ID:148231
 
I'm quite happy with the upcoming XML library (currently in the queue to be released on BYONDscape), but there is one problem I need to deal with:

It leaks like a sieve.

An XML document is parsed, and each element is turned into an object, so you get a tree (object graph) of objects, with parents having references to their children, and children references to their parents.

These references mean that objects never naturally get garbage collected, since someone always has a reference to them.

Is there some design approach around this, or am I forced to tell users they must always manually delete their XML trees?
Whenever I have to deal with vigorously referenced objects like that, the only way I know of to force garbage collection is to auto-delete an object on a timer. There might be some way you could remove some references but leave others intact, so for example a tree's references might be set to propagate downward but not upward--even temporarily, for the purposes of aiding garbage collection.

I deduced that a single-linked list won't have this problem if the head of the list is no longer referenced by anything, but a double-linked list will be impossible to remove. Unfortunately a single-linked list is harder to work with, and it only barely improves the garbage collection woes.

Ultimately this could be cleared up by BYOND incorporating the concept of internal references, where a reference needn't count for anything. A new special form of var might work for that, such as var/ref. (It'd also need a tmp counterpart, or at least to work with var/ref/tmp or var/tmp/ref.)

Lummox JR
In response to Lummox JR
Lummox JR wrote:
Whenever I have to deal with vigorously referenced objects like that, the only way I know of to force garbage collection is to auto-delete an object on a timer.

Yeah but the user may have a reference to it, for an arbitrary amount of time...this would be doable if I could get my hands on the reference count, though. Then the library could track all existing XML trees, and on a timer it could check for those where the root had no more references than it had children, and delete it.

Unfortunately a single-linked list is harder to work with, and it only barely improves the garbage collection woes.
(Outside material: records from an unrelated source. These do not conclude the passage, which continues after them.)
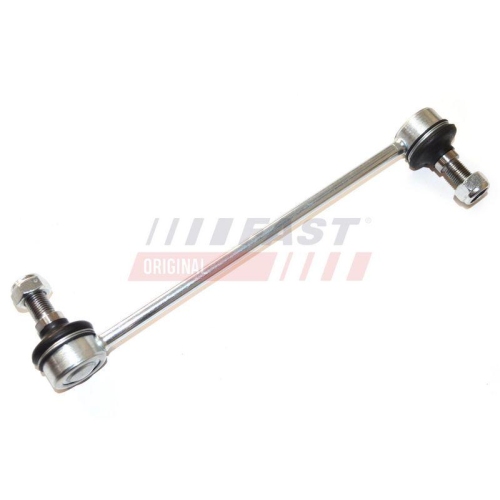 Stange/strebe Stabilisator Fast FT20577 f&uuml;r Citro&euml;n Opel Chevrolet Daewoo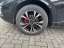 Ford Kuga Plug in Hybrid ST Line X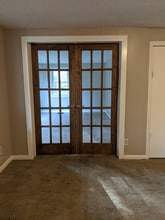 617 Ontario St in Fulton, NY - Building Photo - Building Photo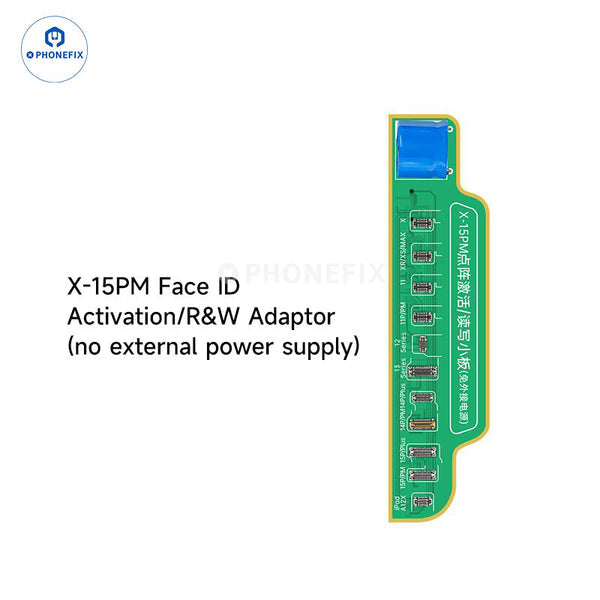 JC V1S 3 In 1 Mobile Phone Code Reading Programmer for iphone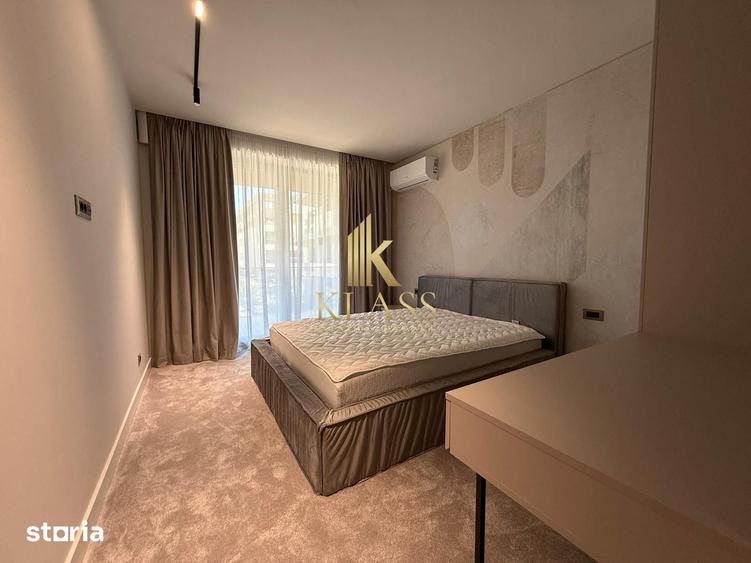 Apartament modern cu 4 dormitoare, Voluntari - 5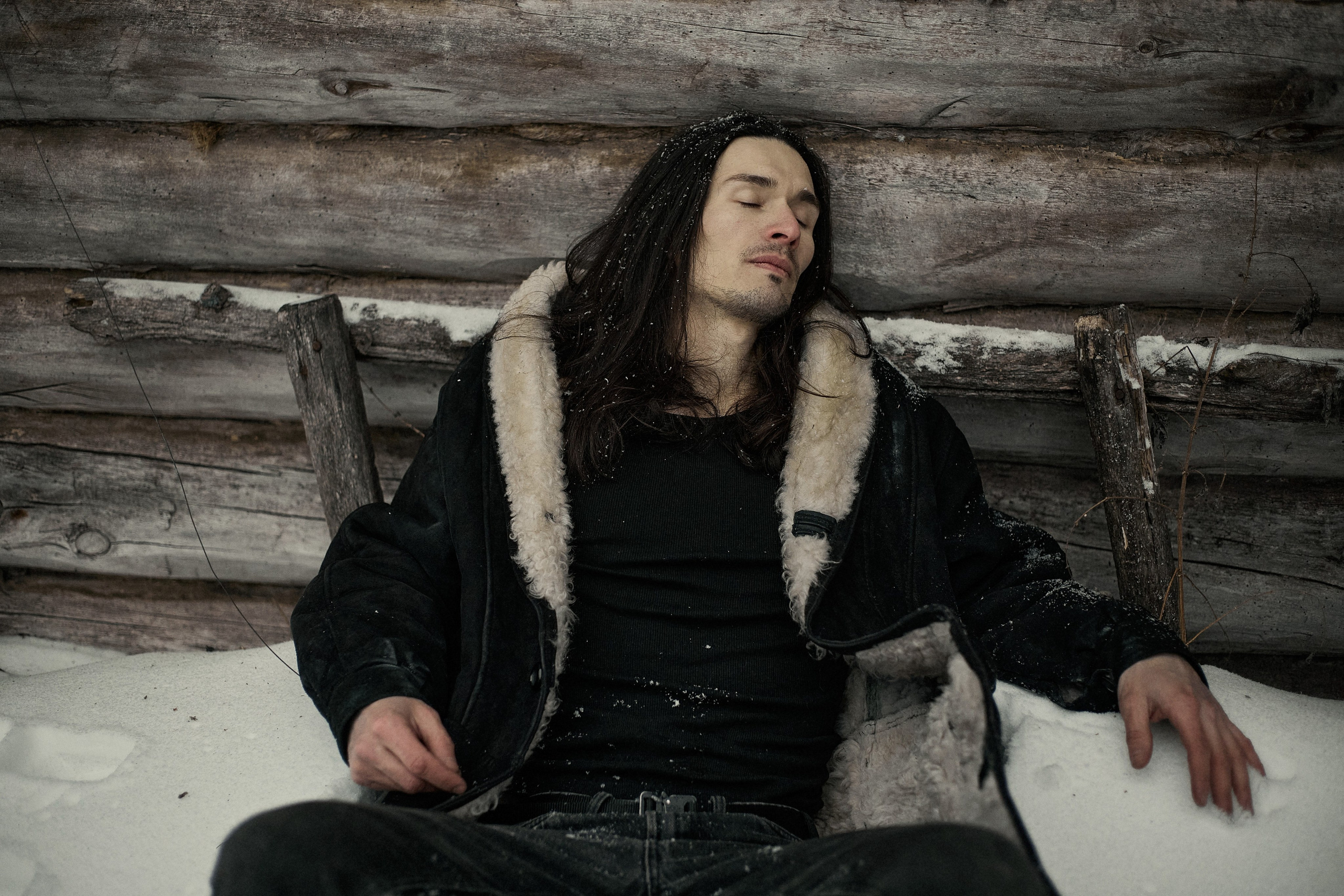 Дима. Свадебный фотограф  Казань Альметьевск Айдар Гарайшин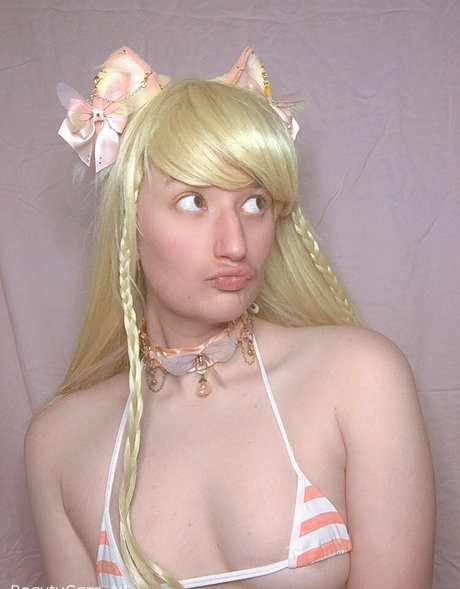 friendofbees onlyfans nude leak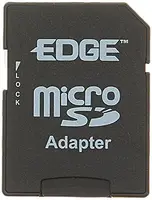 EDGE Tech-PE233402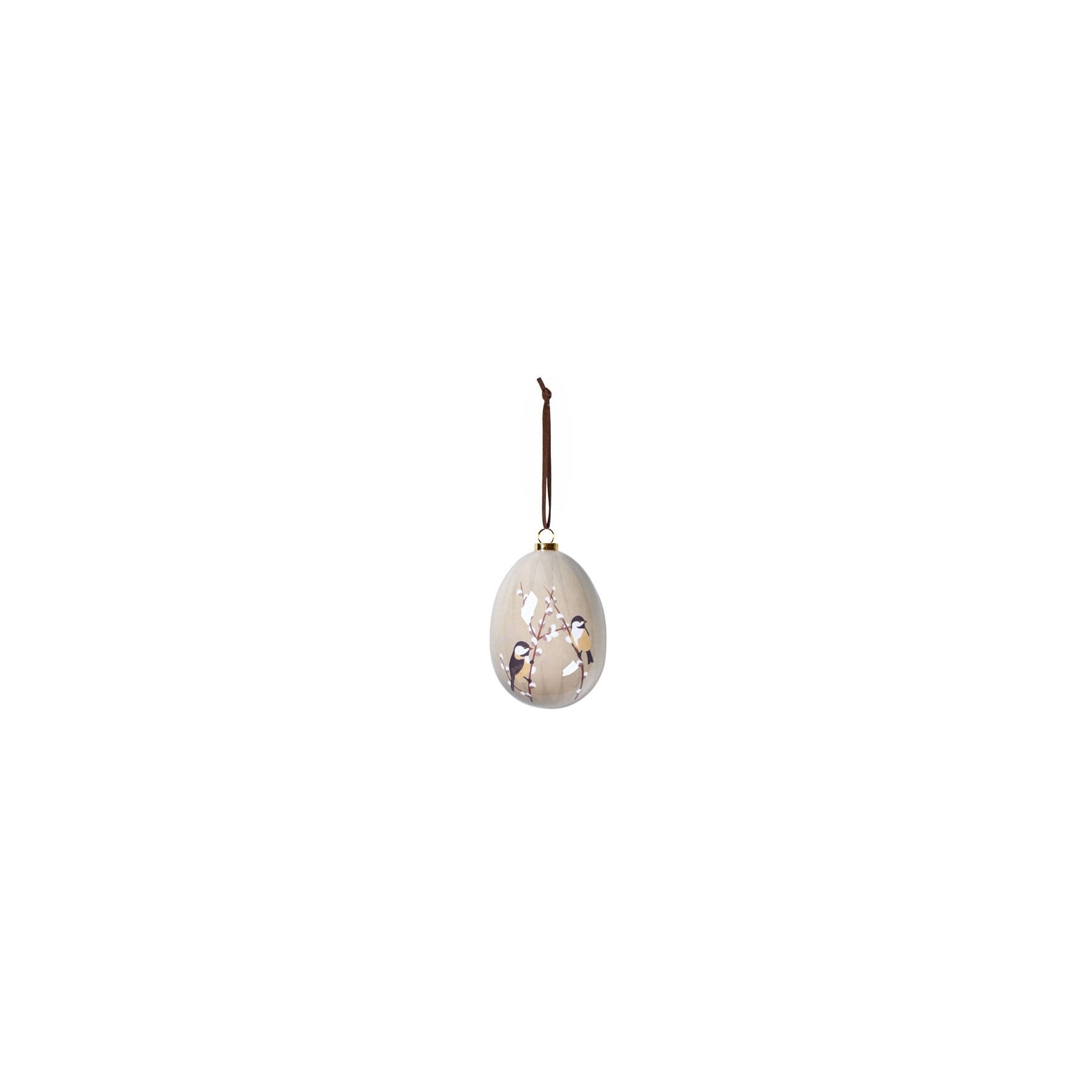DGA - Easter Egg - Birds (9912028) DGA - Easter Egg - Birds (9912028)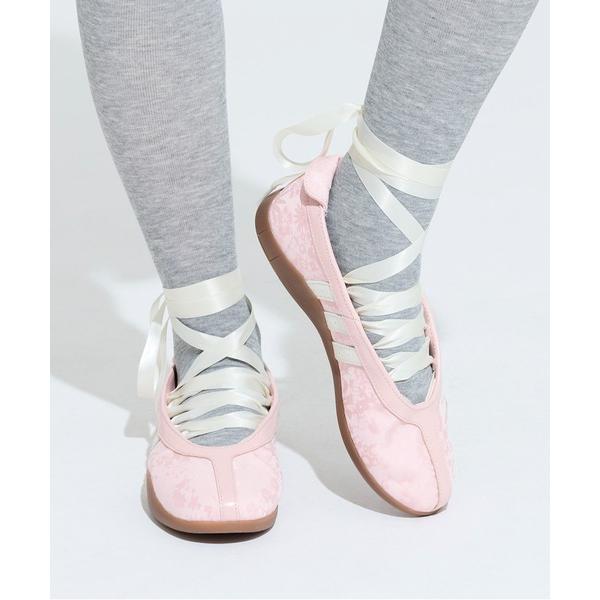 アディダス　adidas スニーカー テコンドー メイ シューズ / TAEKWONDO MEI S...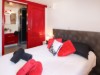 Image 16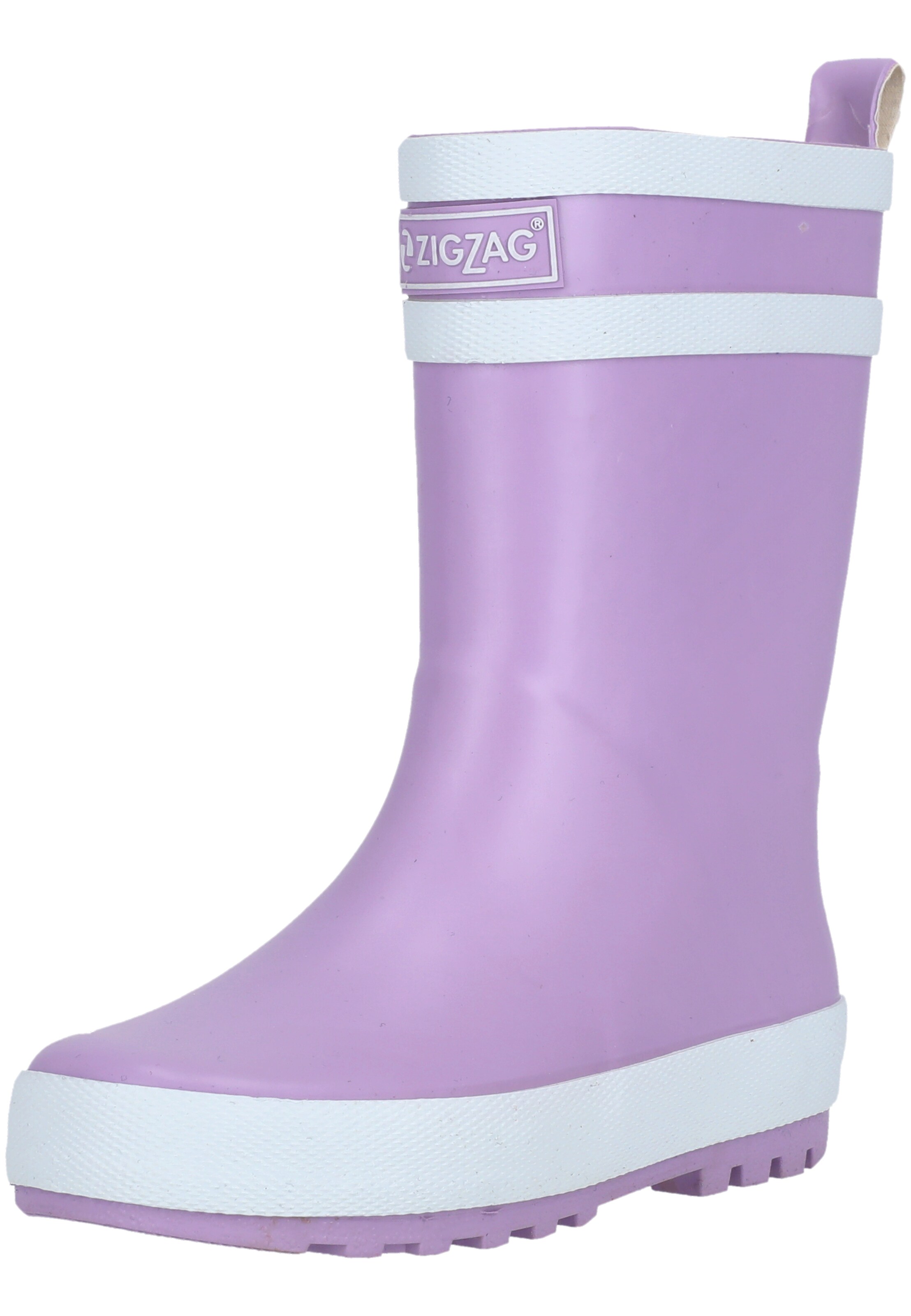 Lavender rain best sale boots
Yeah you can't seriously navigate without knowing your parent.


Ultimately this could be cleared up by BYOND incorporating the concept of internal references, where a reference needn't count for anything. A new special form of var might work for that, such as var/ref. (It'd also need a tmp counterpart, or at least to work with var/ref/tmp or var/tmp/ref.)

Now that's an interesting idea, and certainly more elegant than my proposed solution above (exposing reference counts probably only leads to evil temptations anyway).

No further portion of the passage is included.